Увидев рослого человека, слезавшего в этот момент с лошади, он побежал к нему с пачкой моих документов в руке.
— Это Андрей Петрович. Он во всех бумагах разберется, — заявил здоровенный крестьянин, который чуть было не угодил винтовкой мне в лицо. — Он только что из Москвы и знает всех большевиков и как они подписываются. Он знает и контрреволюционеров, его не проведешь. Он, брат, все их уловочки изучил.
Кунц и я от всей души молились, чтобы Андрей Петрович и в самом деле был таким умным, как о нем говорили.
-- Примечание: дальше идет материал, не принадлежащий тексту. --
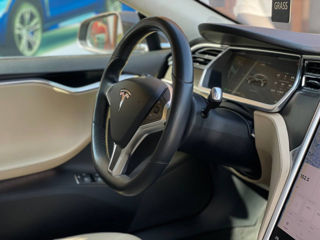 Tesla Model S foto 12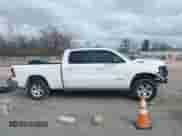 2021 Ram 1500 Big Horn z VIN 1C6SRFMT4MN815288, wystawiony jako IAAI lot #41930342 z przebiegiem 112 502 mil mil oraz . Historia ofert i sprzedaży dostępna na DreamBid. Obrazek 14.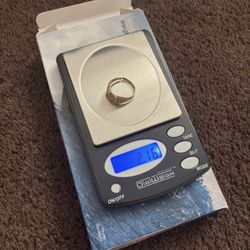 Anillo de Oro 10K Auténtico – Elegante y Ajustable – 2.15g 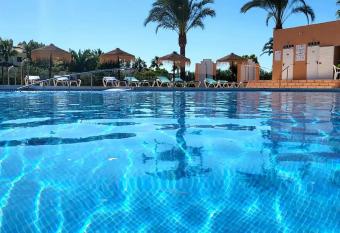 Dias al Sol A1 has Balcony rooms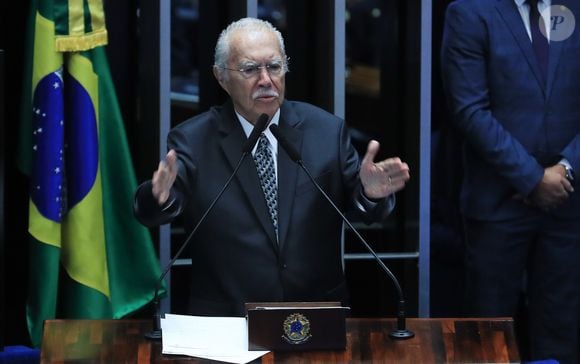 José Sarney ‘ficou bastante abalado, com medo, e foi para o lado religioso’, conta Roseana em entrevista ao jornal O Globo
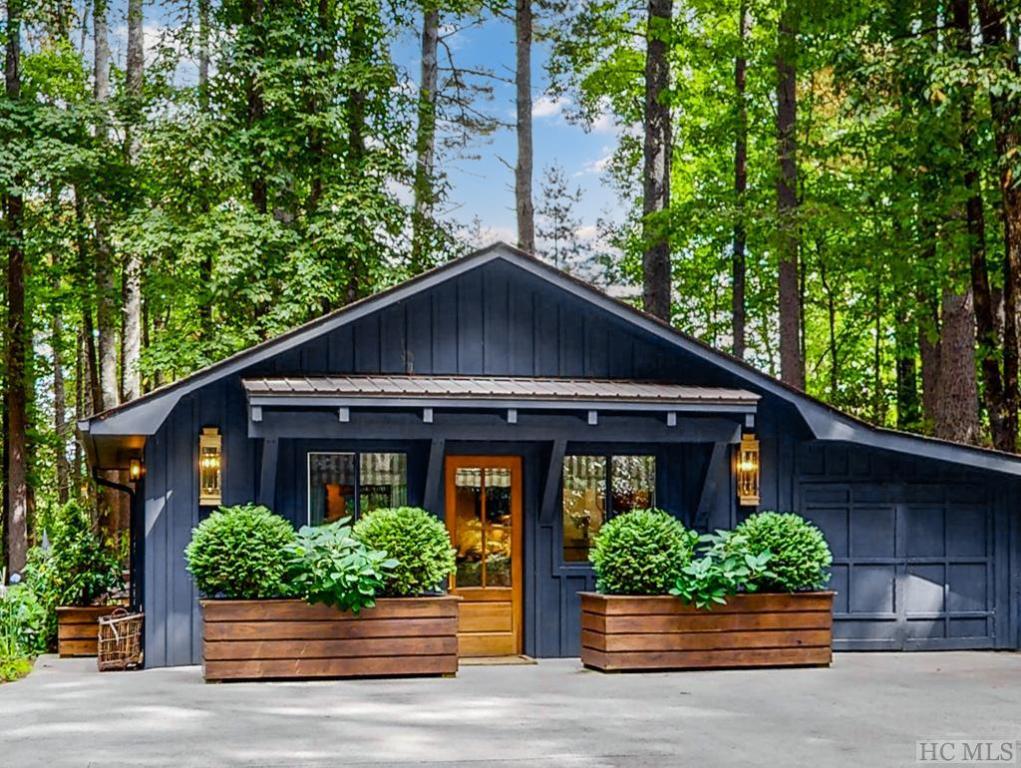 676 Stillmont Circle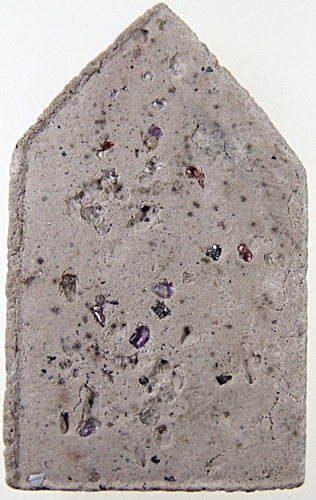 ๒๐ พระขุนแผน เนื้อผง โรยพลอย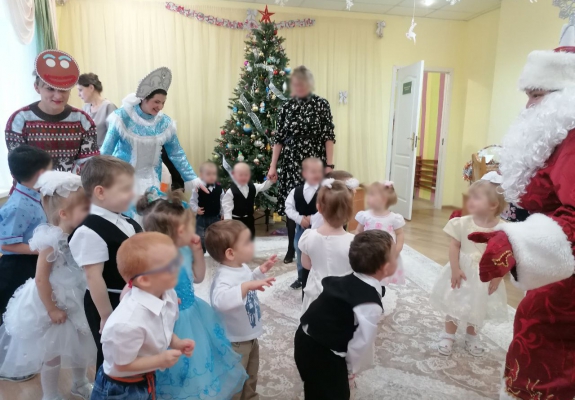 Следователи пришли с подарками в подшефный Карачевский дом ребенка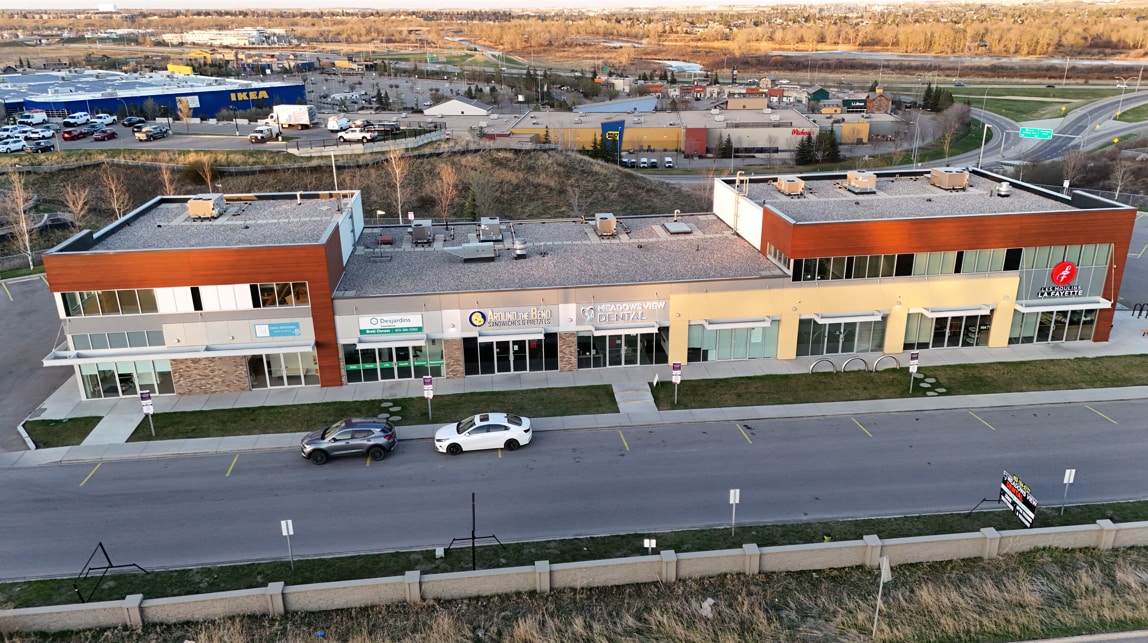 8400 Blackfoot Trl SE, Calgary, AB à louer Photo de l’immeuble– Image 1 sur 1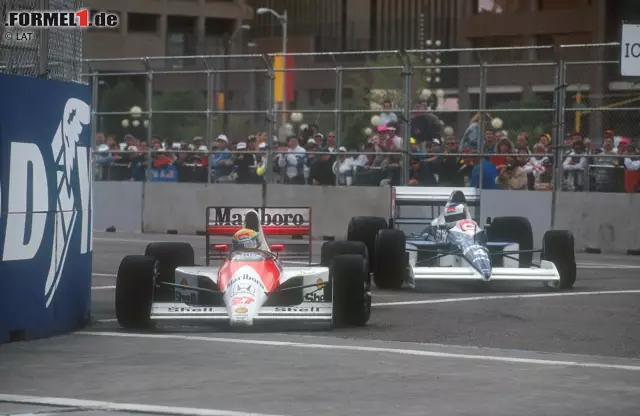 Nachdem auch Detroit ab 1989 Bestandteil des IndyCar-Kalenders ist, schlägt die Formel 1 für drei Jahre in Phoenix ihre Zelte auf. Alain Prost (McLaren) gewinnt am 4. Juni 1989 die Erstauflage des Rennens im Betonkanal im US-Bundesstaat Arizona. In den Jahren 1990 und 1991 fungiert Phoenix als Saisonauftakt. In besonderer Erinnerung bleibt das legendäre Duell um den Sieg 1990 zwischen dem etablierten McLaren-Star Ayrton Senna und dem jungen Jean Alesi im Tyrrell. Senna setzt sich schließlich durch und gewinnt im Jahr darauf auch den vorerst letzten Grand Prix der USA, bevor die Vereinigten Staaten jahrelang von der Formel-1-Bildfläche verschwinden. Foto zur News: Nachdem auch Detroit ab 1989 Bestandteil des IndyCar-Kalenders ist, schlägt die Formel 1 für drei Jahre in Phoenix ihre Zelte auf. Alain Prost (McLaren) gewinnt am 4. Juni 1989 die Erstauflage des Rennens im Betonkanal im US-Bundesstaat Arizona. In den Jahren 1990 und 1991 fungiert Phoenix als Saisonauftakt. In besonderer Erinnerung bleibt das legendäre Duell um den Sieg 1990 zwischen dem etablierten McLaren-Star Ayrton Senna und dem jungen Jean Alesi im Tyrrell. Senna setzt sich schließlich durch und gewinnt im Jahr darauf auch den vorerst letzten Grand Prix der USA, bevor die Vereinigten Staaten jahrelang von der Formel-1-Bildfläche verschwinden.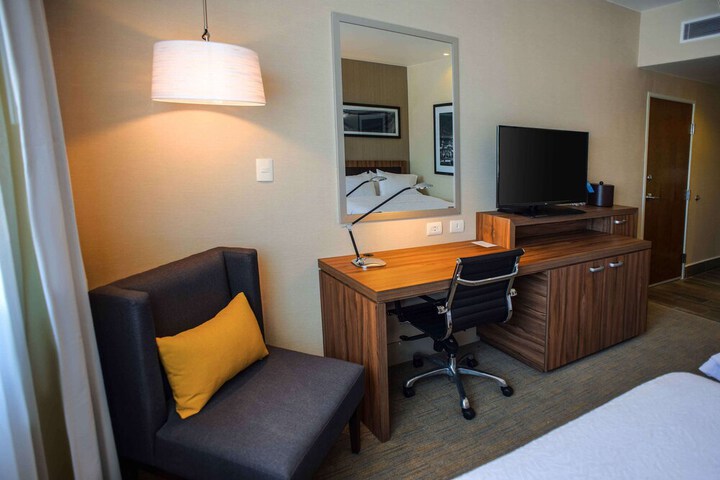 Room 19 of 39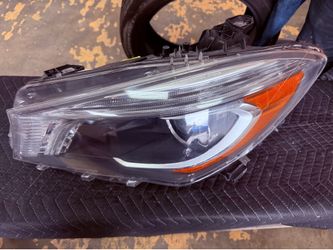 2014-19 Mercedes Benz CLA250 Left Headlight Drivers Side   Part # A11(contact info removed)0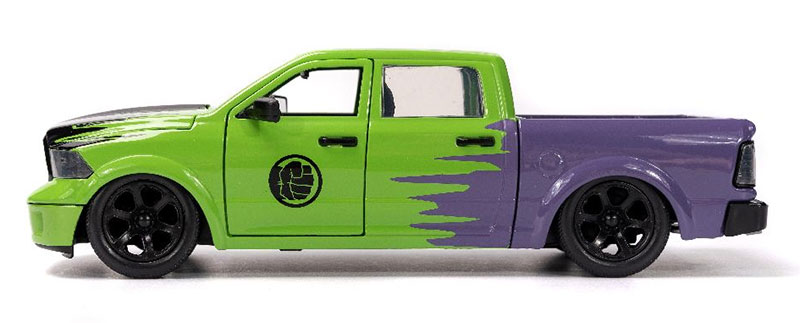 2014 Ram 1500 Pickup with Hulk Figure Marvel Hollywood Rides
К нашему счастью, он и в самом деле оказался толковым человеком. Крестьянин сказал правду: он действительно знал подписи большевистских вождей. Задав несколько вопросов и удовлетворившись нашими ответами, он сердечно пожал нам руки и, дружески назвав нас товарищами, пригласил выйти из вагона, чтобы расспросить обо всем и поговорить.
— У нас у самих целая куча вопросов к вам, — сказали мы и сразу же начали задавать их. — Откуда взялись эти люди? Почему задержан поезд? Что означает это оружие?
— Не все сразу, давайте по порядку, — засмеялся он. — Во-первых, эти люди — шахтеры с крупных шахт, расположенных в километре отсюда, и крестьяне из деревень. Тысячи других еще только на подходе. Во-вторых, мы вооружились этими винтовками и гранатами всего пятнадцать минут назад и пришли сюда не на смотр, а чтобы немедленно пустить их в ход. В-третьих, мы задержали этот транссибирский экспресс, чтобы снять с него царя и царскую семью.
— Царь и царская семья?! На этом поезде? Здесь? — вскричали мы.
— В этом мы не уверены,—ответил Андрей Петрович. — Дело в том, что минут двадцать назад из Омска получена телеграмма, в которой говорится: «Группой офицеров освобожден Николай. Возможно, бежит со штабом на экспрессе. Намерен установить монархию в Иркутске. Задержите живым или мертвым».
Оказывается, эти вооруженные люди имели в виду царя, когда говорили: «Убить кровавого тирана», и царицу, когда называли имя мадам Распутиной.